With several teams wrestling with financial straits and team chiefs failing to get their act together with regard to cutting back on expenditures, Mosley believes it is now urgent for all relevant parties to sit down and collectively revamp Grand Prix racing's financial structure.

"At least half the teams simply can't compete because they haven't got enough money, and that to me is wrong," Mosley said in an interview with DPA News.

The Briton labels F1's current system unfair as the wealthier teams are awarded a larger size of the sport's revenue stream, and are therefore in a position to invest more heavily in their quest for success.

"You obviously wouldn't allow one team to run a bigger engine than another team and yet if one team has got five times as much money the effect is exactly the same as if they had a bigger engine.
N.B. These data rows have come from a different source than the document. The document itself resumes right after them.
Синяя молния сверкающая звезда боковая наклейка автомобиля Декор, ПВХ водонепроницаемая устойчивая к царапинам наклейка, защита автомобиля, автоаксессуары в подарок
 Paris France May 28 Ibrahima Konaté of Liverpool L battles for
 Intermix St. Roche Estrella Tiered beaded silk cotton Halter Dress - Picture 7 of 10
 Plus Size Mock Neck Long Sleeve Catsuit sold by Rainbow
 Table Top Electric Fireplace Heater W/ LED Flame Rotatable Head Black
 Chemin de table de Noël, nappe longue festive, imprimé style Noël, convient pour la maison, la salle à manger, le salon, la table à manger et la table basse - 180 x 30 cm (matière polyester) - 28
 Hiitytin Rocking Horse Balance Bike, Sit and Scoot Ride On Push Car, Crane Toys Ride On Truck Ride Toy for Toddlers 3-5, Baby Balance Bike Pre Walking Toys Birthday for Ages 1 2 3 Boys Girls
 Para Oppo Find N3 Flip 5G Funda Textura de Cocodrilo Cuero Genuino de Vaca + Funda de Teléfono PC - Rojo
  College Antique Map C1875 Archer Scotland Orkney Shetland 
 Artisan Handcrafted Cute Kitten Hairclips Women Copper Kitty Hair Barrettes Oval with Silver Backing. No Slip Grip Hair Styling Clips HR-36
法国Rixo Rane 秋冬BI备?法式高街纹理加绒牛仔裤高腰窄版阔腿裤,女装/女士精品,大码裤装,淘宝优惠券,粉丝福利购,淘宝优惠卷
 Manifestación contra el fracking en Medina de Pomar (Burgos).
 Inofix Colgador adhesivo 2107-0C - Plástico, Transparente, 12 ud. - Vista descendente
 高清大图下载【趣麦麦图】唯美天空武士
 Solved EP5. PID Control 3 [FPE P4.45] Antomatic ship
It's not fair from the sporting point of view."

Max Mosley also considers that F1's technology expansion, while amazing, is being ignored by the public, and justifiably so.

"Of course the technology is amazing but a great deal of it is concealed so the public don't actually see – 90 per cent, 95 per cent of what goes on is not visible to an outsider and even kept secret within the teams. So it's changed enormously - whether it's changed for the better; I think it's gone too far."

Mosley concluded his interview by a surprising comment on the sport's current management which he regards as too concentrated, this in spite of his past and fruitful relationship with former ally Bernie Ecclestone. "If everything is in one pair of hands then I think you have a problem."

One might recall that in 2000, the FIA leased F1's commercial rights to Ecclestone for a period of 100 years which started in 2011. The deal between the two close associates was sealed for the sum of just $360 million - or approximately 18 months of F1's profits at the time. FOM's acquisition set in motion a mutation of F1's shareholder base as Ecclestone profitably sold shares to a succession of banks and media companies before private equity company CVC purchased a controlling interest in the business in 2005.

Mosley was at the forefront of many commendable safety initiatives in F1, but his quest for reducing costs through a budget cap plan failed miserably. Almost a decade later, as several teams struggle with a precarious financial state, fundamental issues remain, the origins of which may perhaps be partly traced to Mosley's past governance and the free reign of commercial power provided to Ecclestone.